The approach made sense, but was the proof in the pudding? What I liked about this group of teachers (if they can be called a group), was that they believed that everyone was able to learn to sing with freedom, and that anybody who wanted to learn how to do so, they would teach -- never mind about adding to their own reputation via their students'. I don't believe that having famous students necessarily means teachers know how to teach vocal technique. As a friend of mine pointed out to me -- the greatest predictor of who will win an award (like, say, the Nobel or Pulitzer) is winning other awards. Success feeds itself. So, I was looking for what students taught this way sounded like. And if I could figure out what they might have sounded like before (very hard or impossible), the better. What was telling were cases of singers suffering vocal damage and seeking out a Reid teacher to reconstruct their voices and techniques. That got my attention.
Anyhow - without further ado:
Studied directly with Cornelius Reid:
- Judith Raskin -- so told to me by another of his students. It's not mentioned in biographical materials I've been able to find.
- George Shirley -- and here with Leontyne Price
- Wendy White -- who also attributes everything to Reid - her sole teacher, here with Bartoli
- Julian Patrick
- Ellen Shade -- and I'm not sure but is this same Ellen Shade here and here?
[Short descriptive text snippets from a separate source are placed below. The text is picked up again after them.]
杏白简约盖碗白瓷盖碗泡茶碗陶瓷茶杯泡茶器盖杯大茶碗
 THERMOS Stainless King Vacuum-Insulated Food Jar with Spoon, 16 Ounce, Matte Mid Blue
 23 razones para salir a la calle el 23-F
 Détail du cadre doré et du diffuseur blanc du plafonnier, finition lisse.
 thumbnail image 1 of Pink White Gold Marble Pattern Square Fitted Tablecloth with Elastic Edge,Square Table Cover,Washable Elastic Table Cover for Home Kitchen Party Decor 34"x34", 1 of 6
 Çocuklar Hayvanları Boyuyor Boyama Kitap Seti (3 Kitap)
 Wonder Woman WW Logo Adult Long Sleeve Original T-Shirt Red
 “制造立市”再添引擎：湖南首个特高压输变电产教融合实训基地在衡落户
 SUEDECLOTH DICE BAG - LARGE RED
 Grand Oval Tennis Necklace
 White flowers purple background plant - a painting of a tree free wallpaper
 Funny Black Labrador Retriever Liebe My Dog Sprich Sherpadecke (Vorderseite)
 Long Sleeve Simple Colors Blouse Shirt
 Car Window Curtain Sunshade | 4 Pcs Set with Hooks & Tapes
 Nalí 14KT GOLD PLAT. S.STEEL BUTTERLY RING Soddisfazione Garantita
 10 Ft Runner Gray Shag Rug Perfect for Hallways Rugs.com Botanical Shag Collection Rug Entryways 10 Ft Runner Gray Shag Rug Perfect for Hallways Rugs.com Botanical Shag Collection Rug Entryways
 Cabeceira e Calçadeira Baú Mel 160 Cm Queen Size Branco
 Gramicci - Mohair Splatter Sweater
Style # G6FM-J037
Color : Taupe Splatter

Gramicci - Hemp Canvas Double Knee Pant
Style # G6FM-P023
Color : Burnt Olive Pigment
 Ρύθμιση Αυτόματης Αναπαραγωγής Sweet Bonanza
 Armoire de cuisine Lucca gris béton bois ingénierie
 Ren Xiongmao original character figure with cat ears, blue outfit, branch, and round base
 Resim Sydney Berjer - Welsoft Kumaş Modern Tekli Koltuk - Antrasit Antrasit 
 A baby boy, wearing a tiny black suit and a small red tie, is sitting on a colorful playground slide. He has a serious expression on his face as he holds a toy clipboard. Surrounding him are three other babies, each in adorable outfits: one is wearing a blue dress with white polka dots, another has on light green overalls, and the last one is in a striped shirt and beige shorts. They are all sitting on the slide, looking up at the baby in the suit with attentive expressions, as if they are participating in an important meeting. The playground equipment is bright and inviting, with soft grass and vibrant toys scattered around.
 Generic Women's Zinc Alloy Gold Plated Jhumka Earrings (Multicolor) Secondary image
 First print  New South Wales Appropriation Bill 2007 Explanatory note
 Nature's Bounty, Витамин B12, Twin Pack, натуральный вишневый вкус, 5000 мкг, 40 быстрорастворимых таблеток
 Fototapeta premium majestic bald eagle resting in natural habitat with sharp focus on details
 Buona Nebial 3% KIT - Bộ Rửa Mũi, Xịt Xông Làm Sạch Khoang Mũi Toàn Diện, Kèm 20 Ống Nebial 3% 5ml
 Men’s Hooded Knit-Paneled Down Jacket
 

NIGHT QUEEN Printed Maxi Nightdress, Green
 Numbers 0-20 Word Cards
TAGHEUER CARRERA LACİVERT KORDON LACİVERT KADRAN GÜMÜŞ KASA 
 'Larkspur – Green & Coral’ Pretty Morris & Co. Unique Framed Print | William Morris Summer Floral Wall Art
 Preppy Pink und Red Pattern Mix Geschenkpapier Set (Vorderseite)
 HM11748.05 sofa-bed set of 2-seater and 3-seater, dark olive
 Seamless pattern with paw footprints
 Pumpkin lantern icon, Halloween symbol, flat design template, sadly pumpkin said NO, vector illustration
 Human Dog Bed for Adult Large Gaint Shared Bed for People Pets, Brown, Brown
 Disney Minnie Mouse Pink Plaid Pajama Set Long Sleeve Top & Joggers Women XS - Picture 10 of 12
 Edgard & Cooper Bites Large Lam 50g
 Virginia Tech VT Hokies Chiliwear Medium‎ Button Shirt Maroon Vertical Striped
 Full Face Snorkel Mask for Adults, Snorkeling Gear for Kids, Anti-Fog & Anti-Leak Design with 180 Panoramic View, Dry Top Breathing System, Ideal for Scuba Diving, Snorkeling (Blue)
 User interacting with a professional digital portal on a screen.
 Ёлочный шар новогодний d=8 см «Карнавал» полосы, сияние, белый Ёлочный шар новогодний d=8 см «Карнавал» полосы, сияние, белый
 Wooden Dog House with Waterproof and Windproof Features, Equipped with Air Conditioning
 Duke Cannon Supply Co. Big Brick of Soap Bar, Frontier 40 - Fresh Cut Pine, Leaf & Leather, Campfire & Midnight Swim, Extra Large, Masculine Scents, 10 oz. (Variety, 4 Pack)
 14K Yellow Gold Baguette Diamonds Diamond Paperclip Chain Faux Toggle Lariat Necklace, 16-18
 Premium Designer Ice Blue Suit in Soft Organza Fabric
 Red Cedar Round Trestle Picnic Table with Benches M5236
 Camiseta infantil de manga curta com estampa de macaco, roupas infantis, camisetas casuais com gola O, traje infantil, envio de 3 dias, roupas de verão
- John Stewart -- as you might expect, it's a little bit tricky doing searches for this name and getting the right person
- Marianna Kulika -- and here singing Adalgisa with June Anderson's Norma
- Ariel Bybee
- Katherine Posner
- David Christopher
- Joel Ewing
- Carol Baggott-Forte
Students of Students:
- Grant Youngblood -- David Christopher
- Kevin Youk -- Joel Ewing, I'm assuming
- Sharla Nafziger -- Carol Baggott-Forte
- Stephanie Piercey -- Carol Baggott-Forte in recovery from vocal damage which required surgery
- Wolfgang Weiss -- Carol Baggott-Forte
Each of these singers a) looks relaxed, b) sounds easy, and c) has great diction. It's what I want and although I've made some breakthroughs in many of my goals this year, I hope that this summer will be extremely rewarding studying this way. Will keep tabs on developments here.